Et les plongées d’observation ?
Je dirais la rencontre avec les cachalots à l’île Maurice. Pour nous, le cachalot incarne une perfection et un modèle : il descend entre 2 000 et 3 000 mètres de fond, reste une heure et demie en apnée, a un mouvement sublime, une anatomie fascinante, une forme de vaisseau spatial dans l’eau… C’est incroyable.
J’ai un souvenir particulier à Maré (…) un souvenir de perfection dans une eau cristalline avec une architecture sous l’eau extraordinaire.”

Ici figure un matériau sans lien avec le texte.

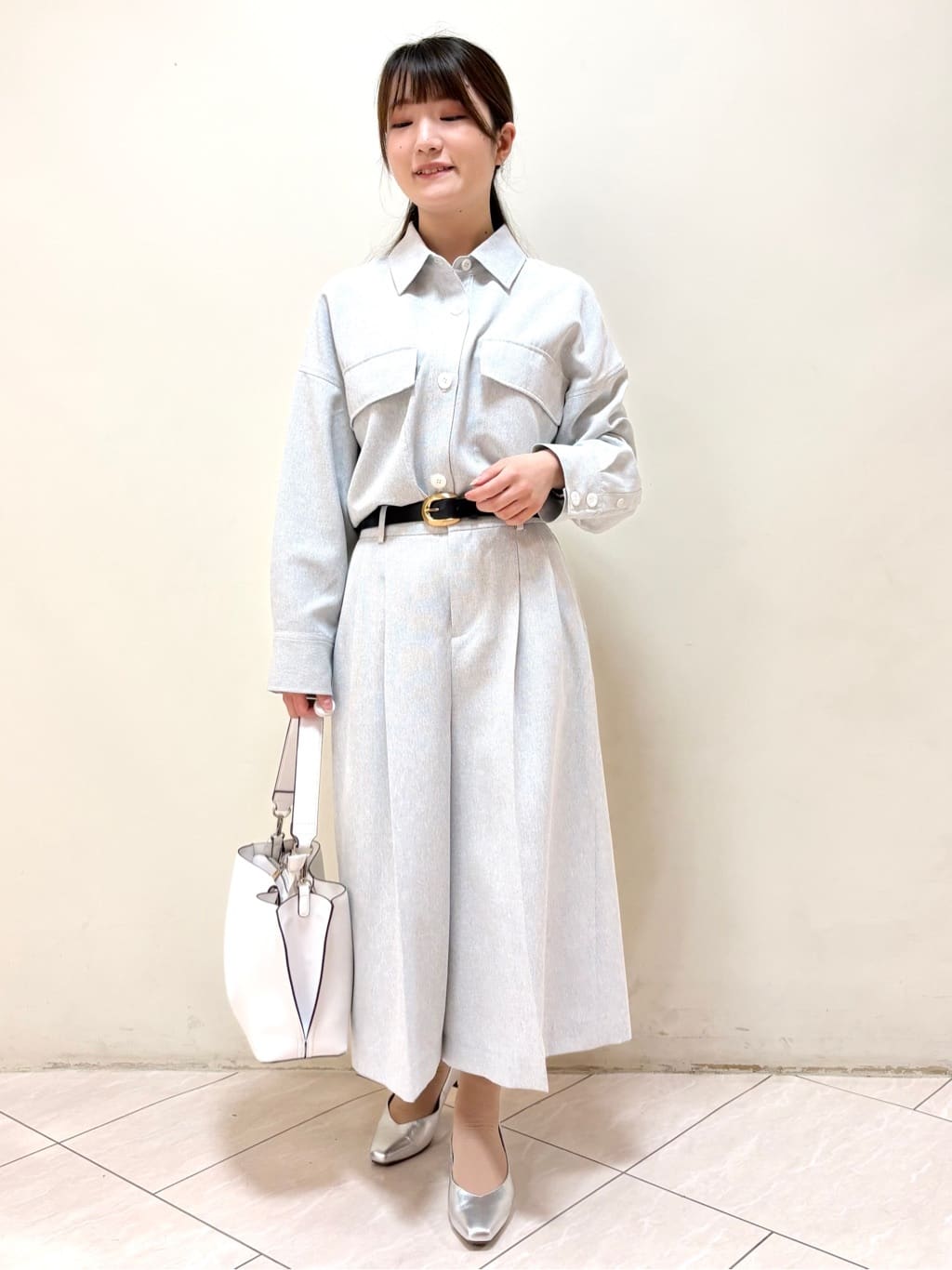 mikiさんの「Reflect｜リネンライクワイドミディパンツ」を使ったコーディネート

Je citerais aussi la rencontre avec le grand requin-marteau aux Tuamotu, un des plus grands prédateurs de la planète qui a une grâce, une puissance très impressionnante. Aux Galápagos, on trouve dans une même apnée, une quantité de gros animaux assez dingue, des bancs de centaines de requins- marteaux qui cohabitent avec plusieurs grands requins-baleines, des phoques, des tortues…
Et ici, j’ai un souvenir particulier à Maré – le saut du guerrier. Un souvenir de perfection dans une eau cristalline avec une architecture sous l’eau extraordinaire, accompagné de personnes de la tribu qui m’ont vraiment ouvert la porte de leur sanctuaire, un moment très fort.

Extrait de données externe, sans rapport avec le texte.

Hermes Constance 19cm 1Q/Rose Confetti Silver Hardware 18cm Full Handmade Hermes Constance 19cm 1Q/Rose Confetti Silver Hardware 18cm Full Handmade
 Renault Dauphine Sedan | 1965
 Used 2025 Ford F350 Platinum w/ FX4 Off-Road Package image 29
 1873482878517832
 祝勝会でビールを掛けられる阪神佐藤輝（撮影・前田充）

Propos recueillis par Chloé Maingourd
Photo : Guillaume Néry lors d’une journée avec des apnéistes locaux au Phare Amédée /Marine Reveilhac – Mola Mola pour Sublimage
Guillaume Néry a grandi à Nice, sur les bords de la Méditerranée. Il commence l’apnée à l’âge de 14 ans. Spécialiste de la plongée en poids constant, il bat à quatre reprises le record du monde en profondeur dans la rade de Villefranche et remporte deux fois le titre de champion du monde. Guillaume Néry a atteint 126 mètres de profondeur. Il peut tenir 7 minutes 42 sous l’eau.
En 2015, il est victime d’un grave accident en réalisant la plongée la plus profonde de l’histoire à 139 mètres, suite à une erreur de mesure de l’organisation qu’il raconte dans son dernier ouvrage Nature aquatique. En remontant, le plongeur fait une syncope. La course n’est pas comptabilisée.
Il décide de prendre de la distance avec la poursuite des records, même s’il continue la compétition. Il se consacre au partage de sa passion à travers une approche artistique. Il tourne dans un clip de Beyoncé Runnin, réalise avec son ex-compagne Julie Gautier des courts métrages sous-marins tournés en apnée (Free Fall, Ocean Gravity, One Breath around the Word), des projets photo, écrit des livres dans lesquels il témoigne des profondeurs et de la fragilité du monde sous-marin.
Guillaume Néry continue de s’entraîner avec son club CIPA à Nice et a créé en parallèle la Bluenery Academy avec un programme pensé pour les débutants. Il s’évertue à expliquer que l’apnée est ouverte à tous les publics.